Well, I lost again. It never gets any easier, even though I talk as if it does. I do this to myself, I know it. The problem is I can't stop myself. Everyone else has their vices in life, this is mine.

Everyone said she was wrong for me, but I never got a chance to find out. This is probably a blessing, but it's frustrating as hell to go through. And, because I'm a nice guy, I don't want her to feel bad about it, so I have to just suck it up and act like I'm fine and dandy.

I don't know, maybe I was just meant to be one of the supporting characters that never really shines, but just sort of moves the story along. Through all of this, I have yet again found out that I'm the epitome of what a friend should be. I've also learned that I evidently don't have the qualities that women are attracted to. Well, they are attracted to the ones I have, but only in a friendship kind of way.

Maybe I should just write for a living. I'm not particularly good, but people usually like reading about people who have bad luck in relationships. It makes them feel good about what they have. And here comes the disclaimer.

Every time I write one of these things, in the back of my mind I am mocking myself. Seriously? Am I really writing and complaining about how I can't find someone? This is the type of shit that people moan about in sappy movies. There are people out there dying, man! And you are sitting here bitching about some girl who doesn't like you? It comes with the territory of always trying to be rational and trying not to sink into what I think of as weak.

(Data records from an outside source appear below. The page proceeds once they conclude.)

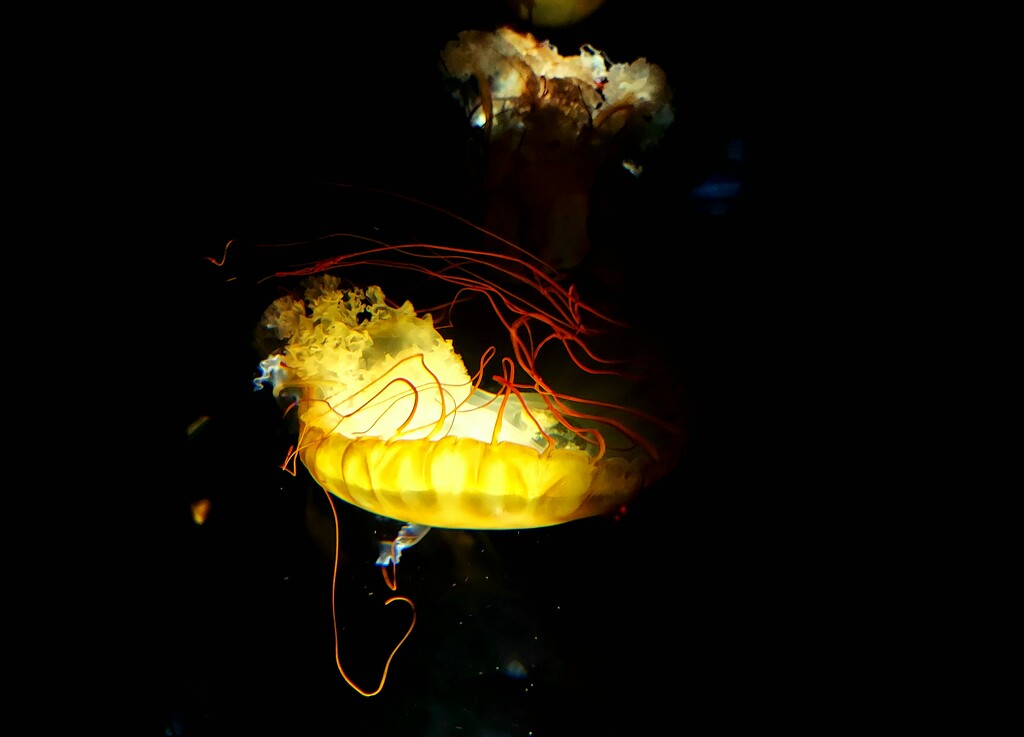 Jellyfish by harbie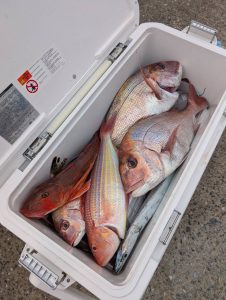 8/9(土)釣果🎣ご紹介②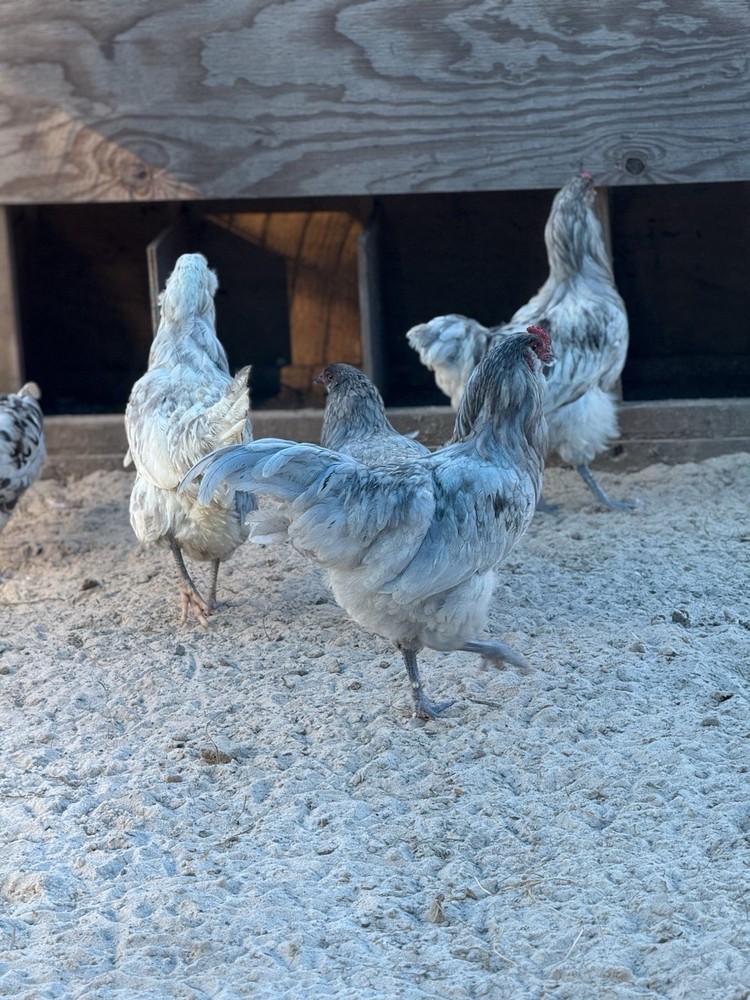 5 + PUREBRED AMERAUCANA BBS Hatching Eggs. FALL CHICKS = SPRING EGGS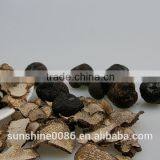 2016 New Crop Dried Black Truffle With Market Prices for Mushroom thumbnail-2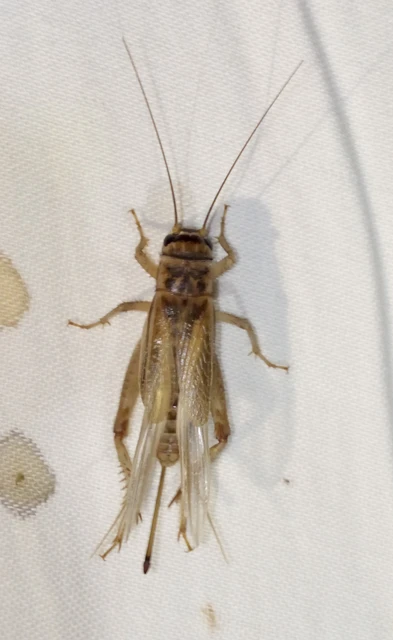 Acheta domesticus - házi tücsök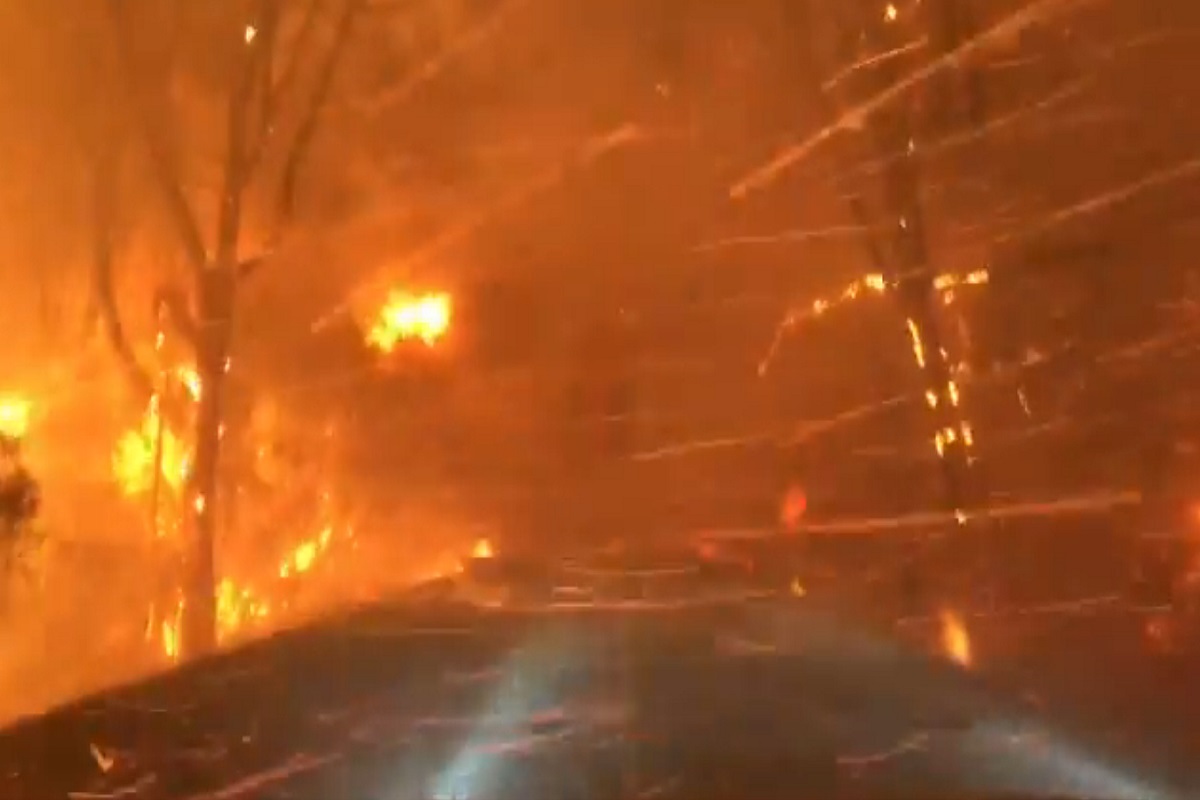 रस्त्याच्या दुतर्फा आग, अंगावर ठिगण्या उडत असूनही त्यानं गाडी थांबवली नाही! पाहा थरकाप उडवणारा VIDEO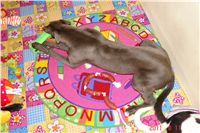 Greyhound Schooling Academy_Czech_Greyhound_Racing_Federation_DSC04575.JPG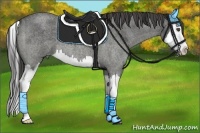 Horse Color:Smoky Blue Roan Splash
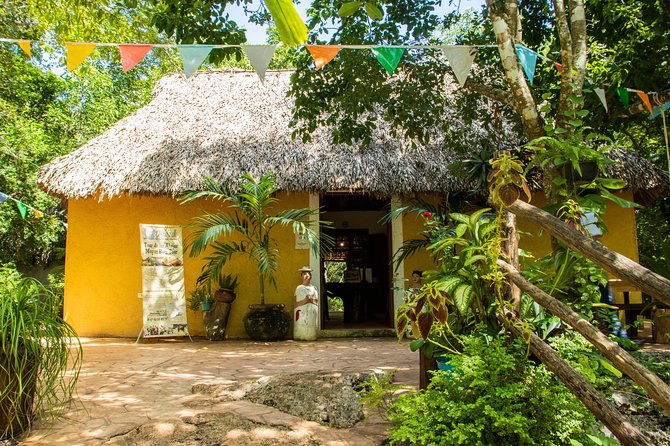 Valladolid Mayan Bees Tour with Lunch or breakfast and Honey Tasting - Inside the meliponario, where the hives become the main event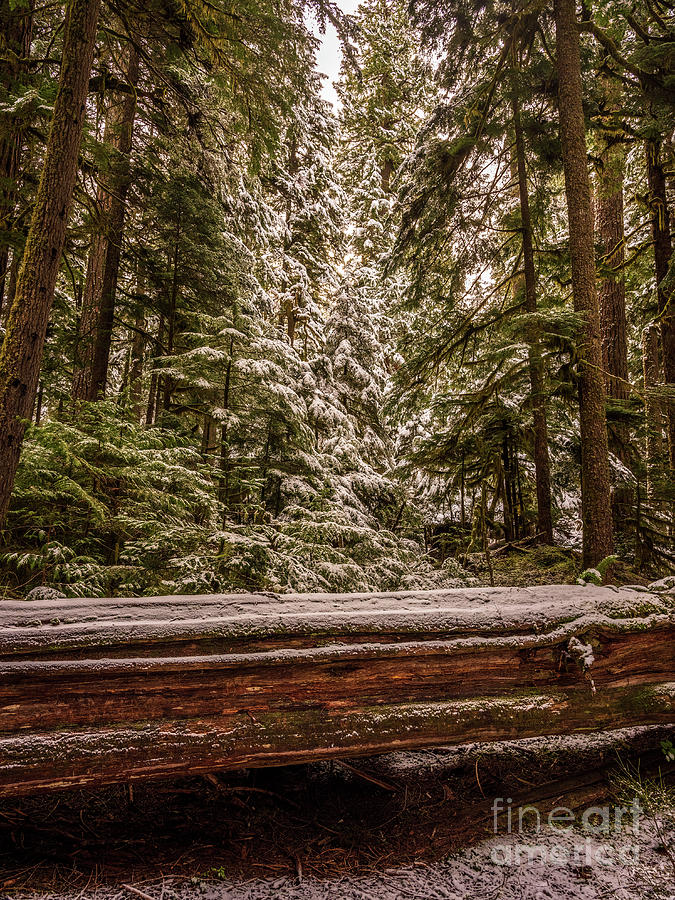 Mount Rainier National Park Snow Dusted Forest Photograph
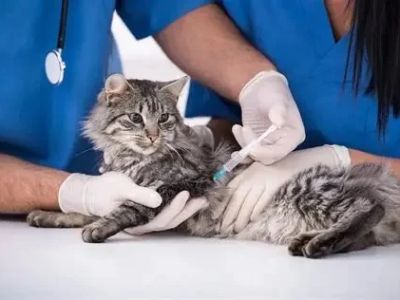 Vaccination Guide Tips for Kittens: UK Pet Owners Must Know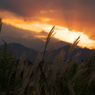 夕焼け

This would be so much easier if I was addicted to something physical. I could just have one of my good friends restrain me and keep me from it. But no, no one can control what I think or feel, not even me. I analyze things to the point of insanity. I claim to be so carefree all the time, but it's all a rouse. I work myself up over the stupidest things, but at the time, they mean everything. I mean, seriously, not getting to sleep because your mind is racing over minutia can not be healthy.

After all of this, I am still alive and well, I have great friends who care about me, a loving family, and I really shouldn't have anything to complain about. But, if you are reading this, you probably know, I can complain about anything. I need a detox too, maybe we can help each other out.